#### [AIM OF THE EXERCISE]
Apart from the images, every record here needs to be copied exactly.

#### [AVAILABLE RECORDS]
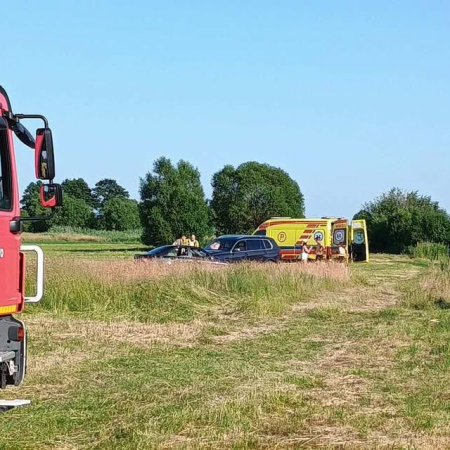 Kilometry od utwardzonej drogi. Służby walczyły o szybkie dotarcie do rannego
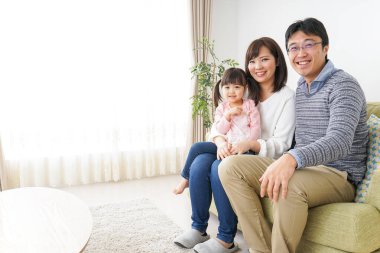 Aile evde eğleniyor.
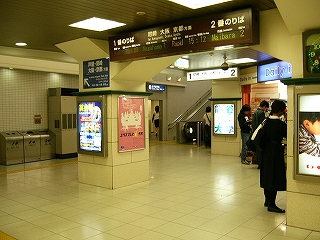 背の低い四角い柱の立ち並ぶ向こうに階段上り口。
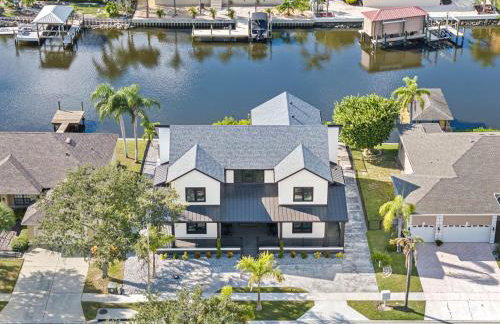 2 Million Villa Heated Pool w Luxury Spa 6BR & 6BR Waterfront by Canal - Foto 10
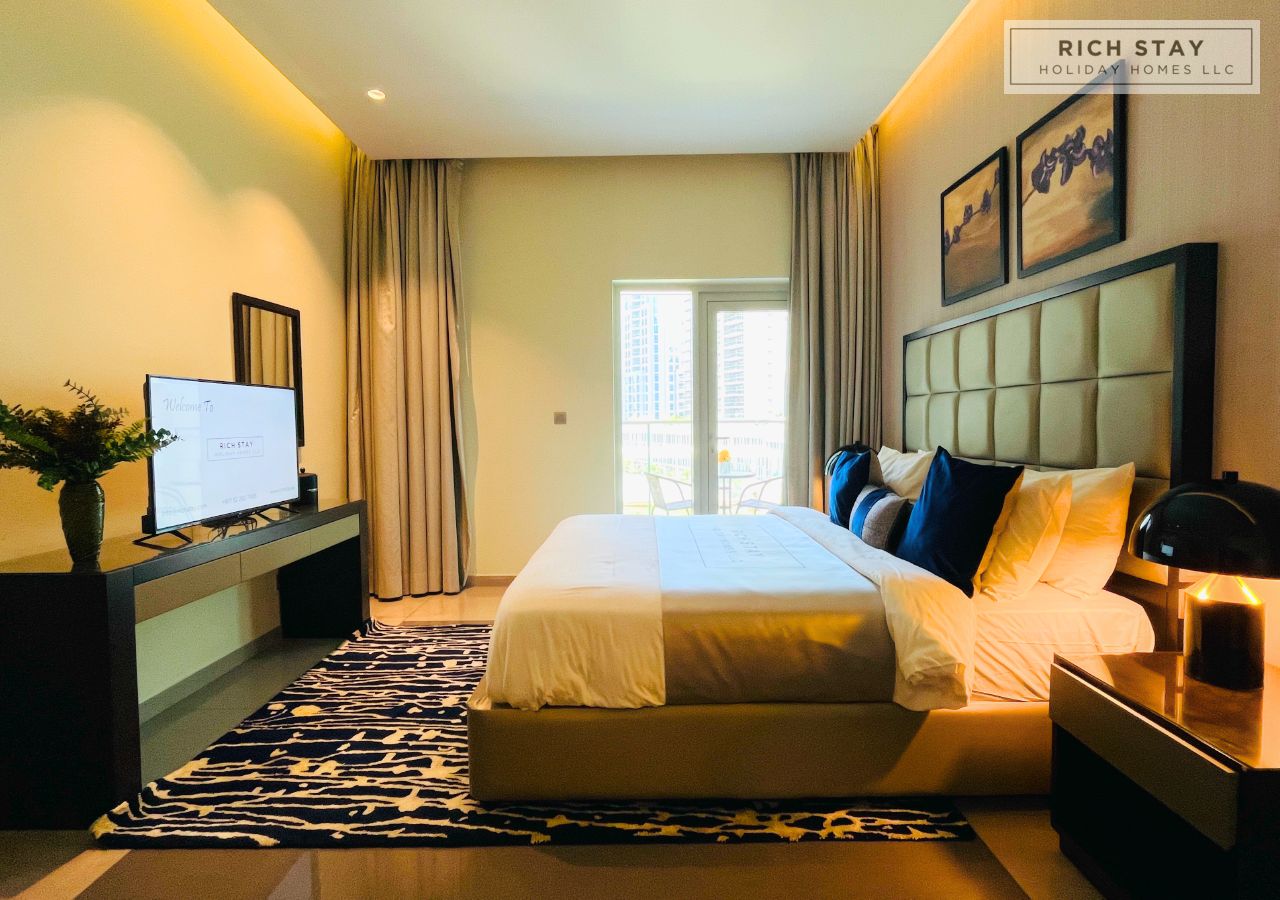 Studio | Fully-Furnished | Pool View | Central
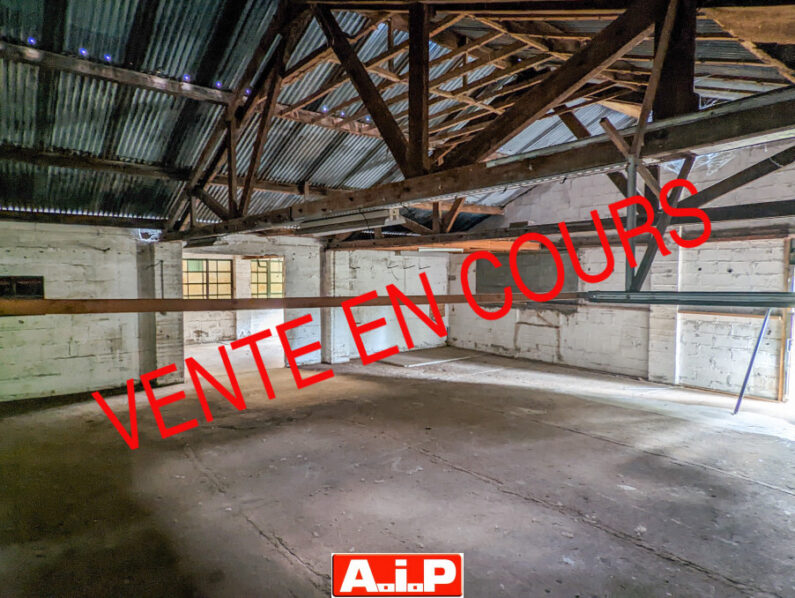 CERIZAY - IDEALEMENT SITUE EN IMPASSE / PROCHE DU CENTRE VILLE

#### [ANSWER FOR THE TASK]
 Kilometry od utwardzonej drogi. Służby walczyły o szybkie dotarcie do rannego
 Aile evde eğleniyor.
 背の低い四角い柱の立ち並ぶ向こうに階段上り口。
 2 Million Villa Heated Pool w Luxury Spa 6BR & 6BR Waterfront by Canal - Foto 10
 Studio | Fully-Furnished | Pool View | Central
 CERIZAY - IDEALEMENT SITUE EN IMPASSE / PROCHE DU CENTRE VILLE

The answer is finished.